* **Exercise prompt**
Only the lines of the listing below that run from the line with "Moderne chrome drinks" through the line with "Two oval tiers" are to be set down, word for word. Pictures stay out.

* **Exercise input**

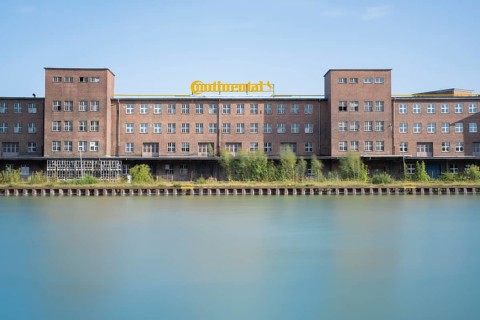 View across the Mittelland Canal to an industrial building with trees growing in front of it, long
* * *
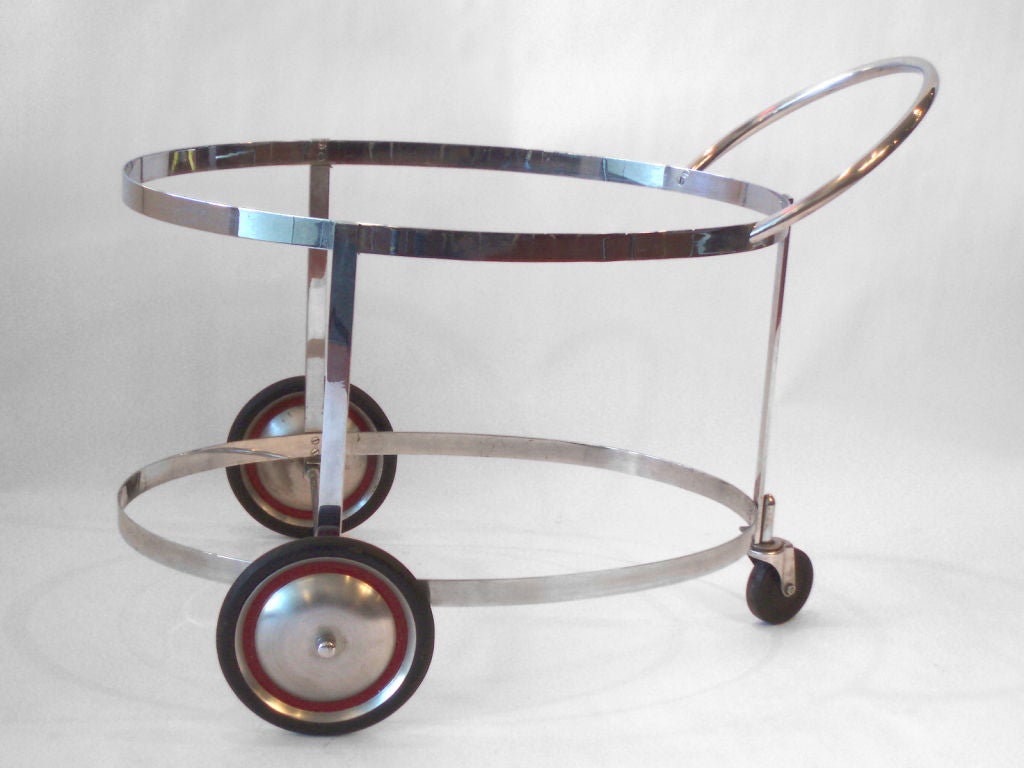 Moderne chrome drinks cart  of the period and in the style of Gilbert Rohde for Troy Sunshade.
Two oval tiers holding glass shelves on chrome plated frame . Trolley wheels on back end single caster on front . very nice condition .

* **Result of the task**
 Moderne chrome drinks cart  of the period and in the style of Gilbert Rohde for Troy Sunshade.
Two oval tiers holding glass shelves on chrome plated frame . Trolley wheels on back end single caster on front . very nice condition .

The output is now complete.